Beyond the kids, I’m realizing that my girlfriend does not let go of harms or wrongs as I do. She is still not talking to her mom after an insult over a month ago. Such was with this conversation, I made the musing, probably six months ago as to why she hasn’t had a relationship last longer than two years. To me it was a discussion point, never intended to hurt, but one man’s muse can be that man’s proverbial foot in his mouth. That point never comes up without tears and I was amazed at the realization that I have not yet been forgiven for it. I feel genuine remorse for the question, but forgiveness in this instance isn’t mine to give.
We talked about that enough for me to realize that it wasn’t simply about relationships, but it was about overall acceptance. She doesn’t often feel accepted, she feels an outsider and one who really wants to belong.

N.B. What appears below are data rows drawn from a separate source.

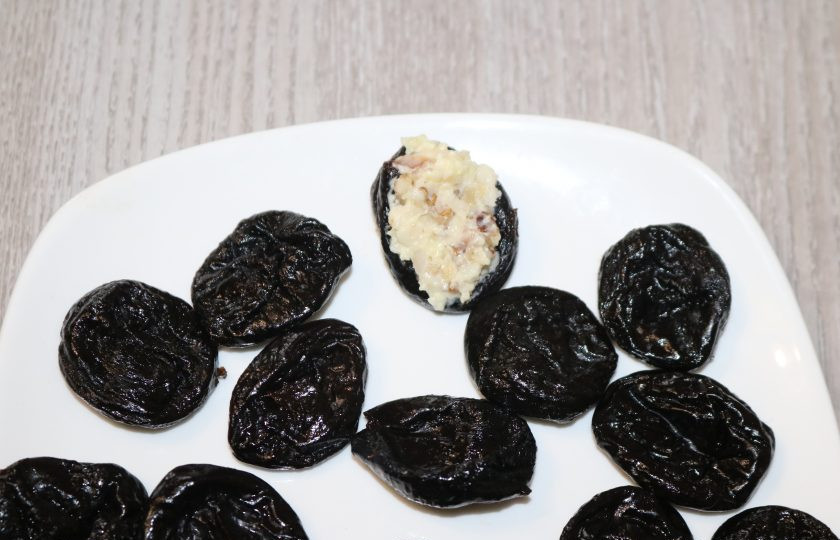 1. Этап. Чернослив фаршированный грецкими орехами: Чернослив должен быть мягким. Если у вас твёрдый, залейте его на 1-2 минуты кипятком. Чернослив немного надрежьте маленьким ножом. Нафаршируйте начинкой.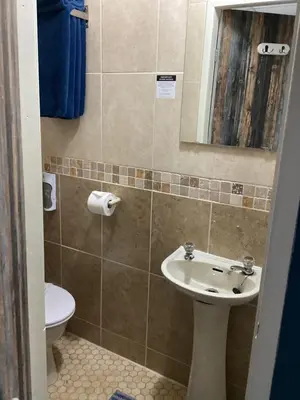 a bathroom with a sink and a toilet and a mirror at By the Seaside in Blackpool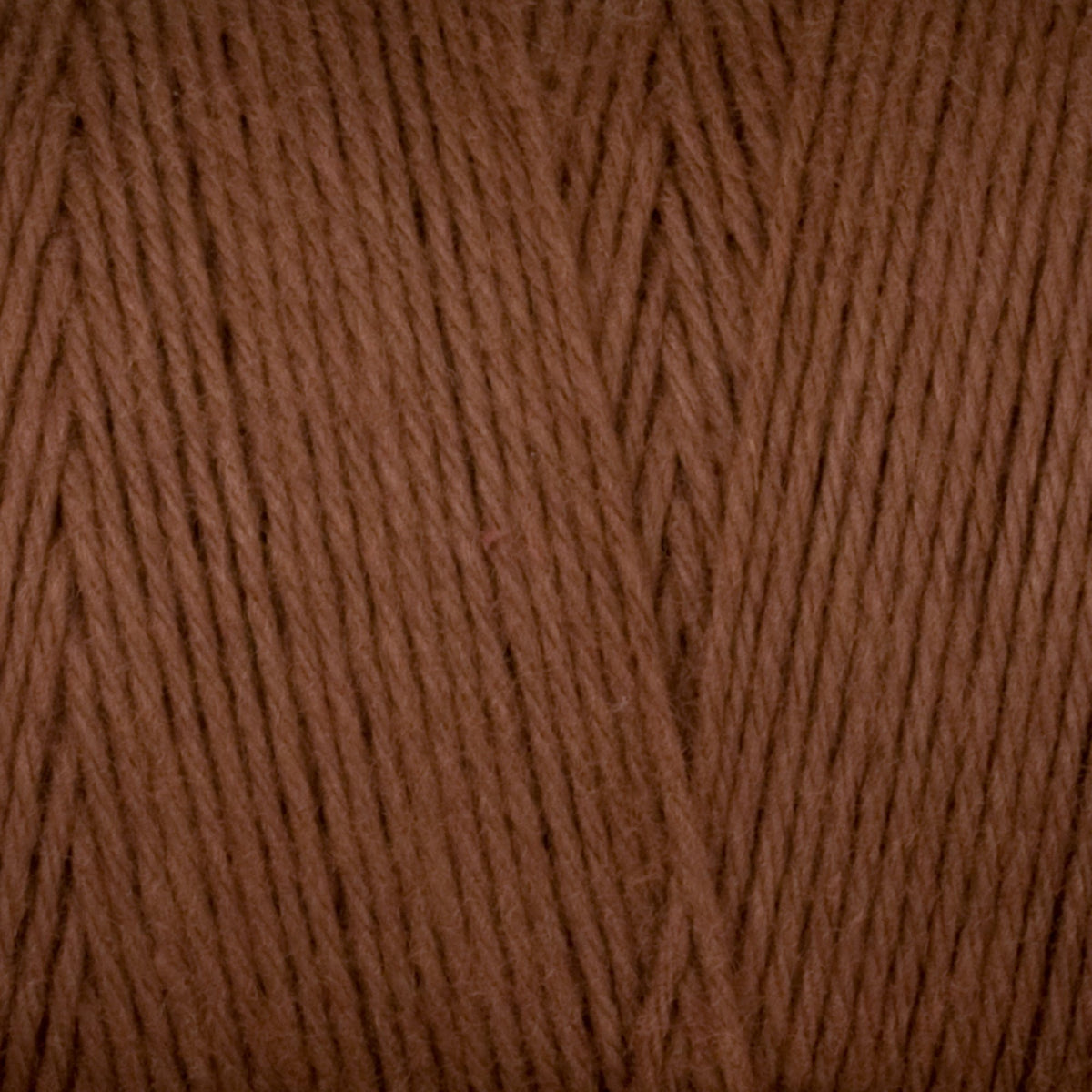 Close-up of Great Northern Weaving Cotton Carpet Warp 8/4 in brown, highlighting the 4-ply cotton fibers twisted together for a soft, even texture.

I see myself in this realization, too. I always feel I’ve threaded between groups. It is hard for me to feel a true part of most groups. The realization in recovery for me is that that doesn’t matter. Connections come from my willingness to interact, and even assert myself. Groups come and go. Most friends come and go and that’s ok. Now, I don’t feel I need to belong, instead I opt to partake. What other people might or might not think about my belonging is both none of my business, nor does it matter much. What matters is my integrity in my interactions and coming about relationships honestly.
Still, I worry about the prolonged hurts as it pertains to my recent and potential future slips. Will they contribute to a continually built case, such that if the relationship progresses will result in unhealable disconnection? Writing this it sounds silly. “Just stay sober, dummy.” Many of us know that can often be easier said than done.
Again this comes to my taking care of “my side of the street”. I’m human, at least last I checked. I can screw up. I can REALLY screw up. It’s important to maintain my connections by being honest. If I do this and want to remain in the relationship it could even give me energy to stay sober. If the relationship can’t handle it, at least I maintain who I am as a person. A singular personality and not my split Dr. Jekyl and Mr. Hyde. Mr. Hyde has enough freedom to really cause trouble.
I’d like to make it work though. There is a part of me that feels I could handle perpetual bachelorhood, but it’d eventually be a lonely road. This relationship has a lot of benefits (not of the physical kind). Having someone who has an adequate sense of self (even if it’s not as overly confident as it first appeared) is a great thing. I can tell her when I slip. I can have “me” time when I need it. I can have my life and someone to share in some of it.
So we agreed it was worth continuing to work on. We both gained some understanding and are willing to make the small adjustments to keep things going. One small good thing to come from the discussion was some understanding about a trip we took a few months ago to California. Afterwards, I was curious if we had been (physically) intimate enough on the trip. This was another stated hurt by her that she wasn’t adequate enough for me. My musing was really just the opposite, it was my expression of vulnerability as if I was attractive enough for her. She got this as an epiphany of sorts. In a lot of ways we are similar souls, struggling for acceptance. Moving forward that is one of the things I need to remember, she’s wayfaring traveler in life with a lot of the uncertainties and needs I have.
I am grateful to get to walk with her for a time.